DATA SHOWN:
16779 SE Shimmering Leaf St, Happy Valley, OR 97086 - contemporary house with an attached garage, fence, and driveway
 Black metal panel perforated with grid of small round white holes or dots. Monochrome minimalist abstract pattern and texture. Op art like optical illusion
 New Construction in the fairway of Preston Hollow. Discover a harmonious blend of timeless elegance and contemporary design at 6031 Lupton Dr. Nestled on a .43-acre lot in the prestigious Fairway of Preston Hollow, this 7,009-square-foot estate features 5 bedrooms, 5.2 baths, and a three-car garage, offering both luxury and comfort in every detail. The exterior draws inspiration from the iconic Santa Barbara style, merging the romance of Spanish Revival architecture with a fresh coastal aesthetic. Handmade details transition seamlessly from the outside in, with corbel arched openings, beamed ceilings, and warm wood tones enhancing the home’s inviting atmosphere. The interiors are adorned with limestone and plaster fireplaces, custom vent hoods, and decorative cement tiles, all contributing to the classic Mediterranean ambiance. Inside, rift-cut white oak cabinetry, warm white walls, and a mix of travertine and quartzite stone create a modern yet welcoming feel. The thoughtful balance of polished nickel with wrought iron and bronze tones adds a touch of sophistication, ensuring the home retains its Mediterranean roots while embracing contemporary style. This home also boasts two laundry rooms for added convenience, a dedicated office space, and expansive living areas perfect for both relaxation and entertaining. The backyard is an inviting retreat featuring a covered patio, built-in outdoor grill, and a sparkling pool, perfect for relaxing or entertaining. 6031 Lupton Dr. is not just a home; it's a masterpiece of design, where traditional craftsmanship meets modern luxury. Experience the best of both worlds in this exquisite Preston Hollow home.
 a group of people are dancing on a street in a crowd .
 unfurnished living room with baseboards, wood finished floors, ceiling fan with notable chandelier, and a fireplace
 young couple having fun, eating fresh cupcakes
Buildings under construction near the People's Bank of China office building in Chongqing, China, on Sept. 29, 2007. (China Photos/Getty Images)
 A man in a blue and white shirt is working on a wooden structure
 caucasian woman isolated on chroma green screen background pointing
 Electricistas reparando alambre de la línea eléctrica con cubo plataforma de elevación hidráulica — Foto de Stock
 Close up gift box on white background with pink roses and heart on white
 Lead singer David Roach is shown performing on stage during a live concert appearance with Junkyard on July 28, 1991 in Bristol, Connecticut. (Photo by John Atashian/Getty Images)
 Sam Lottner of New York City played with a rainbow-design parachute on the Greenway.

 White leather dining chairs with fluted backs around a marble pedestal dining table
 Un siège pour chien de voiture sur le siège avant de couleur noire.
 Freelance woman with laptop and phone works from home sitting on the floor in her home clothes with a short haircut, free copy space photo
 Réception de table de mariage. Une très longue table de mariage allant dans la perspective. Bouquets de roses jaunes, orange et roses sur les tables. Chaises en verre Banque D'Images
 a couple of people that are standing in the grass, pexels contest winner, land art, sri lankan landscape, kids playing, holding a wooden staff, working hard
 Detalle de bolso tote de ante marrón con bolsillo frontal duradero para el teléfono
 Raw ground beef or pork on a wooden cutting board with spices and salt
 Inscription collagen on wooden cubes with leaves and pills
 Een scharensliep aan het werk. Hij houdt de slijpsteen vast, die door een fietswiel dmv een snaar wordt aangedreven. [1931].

PROBLEM DETAILS: Output each line of the data exactly as it stands above.

ANSWER TO THE PROBLEM:
16779 SE Shimmering Leaf St, Happy Valley, OR 97086 - contemporary house with an attached garage, fence, and driveway
 Black metal panel perforated with grid of small round white holes or dots. Monochrome minimalist abstract pattern and texture. Op art like optical illusion
 New Construction in the fairway of Preston Hollow. Discover a harmonious blend of timeless elegance and contemporary design at 6031 Lupton Dr. Nestled on a .43-acre lot in the prestigious Fairway of Preston Hollow, this 7,009-square-foot estate features 5 bedrooms, 5.2 baths, and a three-car garage, offering both luxury and comfort in every detail. The exterior draws inspiration from the iconic Santa Barbara style, merging the romance of Spanish Revival architecture with a fresh coastal aesthetic. Handmade details transition seamlessly from the outside in, with corbel arched openings, beamed ceilings, and warm wood tones enhancing the home’s inviting atmosphere. The interiors are adorned with limestone and plaster fireplaces, custom vent hoods, and decorative cement tiles, all contributing to the classic Mediterranean ambiance. Inside, rift-cut white oak cabinetry, warm white walls, and a mix of travertine and quartzite stone create a modern yet welcoming feel. The thoughtful balance of polished nickel with wrought iron and bronze tones adds a touch of sophistication, ensuring the home retains its Mediterranean roots while embracing contemporary style. This home also boasts two laundry rooms for added convenience, a dedicated office space, and expansive living areas perfect for both relaxation and entertaining. The backyard is an inviting retreat featuring a covered patio, built-in outdoor grill, and a sparkling pool, perfect for relaxing or entertaining. 6031 Lupton Dr. is not just a home; it's a masterpiece of design, where traditional craftsmanship meets modern luxury. Experience the best of both worlds in this exquisite Preston Hollow home.
 a group of people are dancing on a street in a crowd .
 unfurnished living room with baseboards, wood finished floors, ceiling fan with notable chandelier, and a fireplace
 young couple having fun, eating fresh cupcakes
Buildings under construction near the People's Bank of China office building in Chongqing, China, on Sept. 29, 2007. (China Photos/Getty Images)
 A man in a blue and white shirt is working on a wooden structure
 caucasian woman isolated on chroma green screen background pointing
 Electricistas reparando alambre de la línea eléctrica con cubo plataforma de elevación hidráulica — Foto de Stock
 Close up gift box on white background with pink roses and heart on white
 Lead singer David Roach is shown performing on stage during a live concert appearance with Junkyard on July 28, 1991 in Bristol, Connecticut. (Photo by John Atashian/Getty Images)
 Sam Lottner of New York City played with a rainbow-design parachute on the Greenway.

 White leather dining chairs with fluted backs around a marble pedestal dining table
 Un siège pour chien de voiture sur le siège avant de couleur noire.
 Freelance woman with laptop and phone works from home sitting on the floor in her home clothes with a short haircut, free copy space photo
 Réception de table de mariage. Une très longue table de mariage allant dans la perspective. Bouquets de roses jaunes, orange et roses sur les tables. Chaises en verre Banque D'Images
 a couple of people that are standing in the grass, pexels contest winner, land art, sri lankan landscape, kids playing, holding a wooden staff, working hard
 Detalle de bolso tote de ante marrón con bolsillo frontal duradero para el teléfono
 Raw ground beef or pork on a wooden cutting board with spices and salt
 Inscription collagen on wooden cubes with leaves and pills
 Een scharensliep aan het werk. Hij houdt de slijpsteen vast, die door een fietswiel dmv een snaar wordt aangedreven. [1931].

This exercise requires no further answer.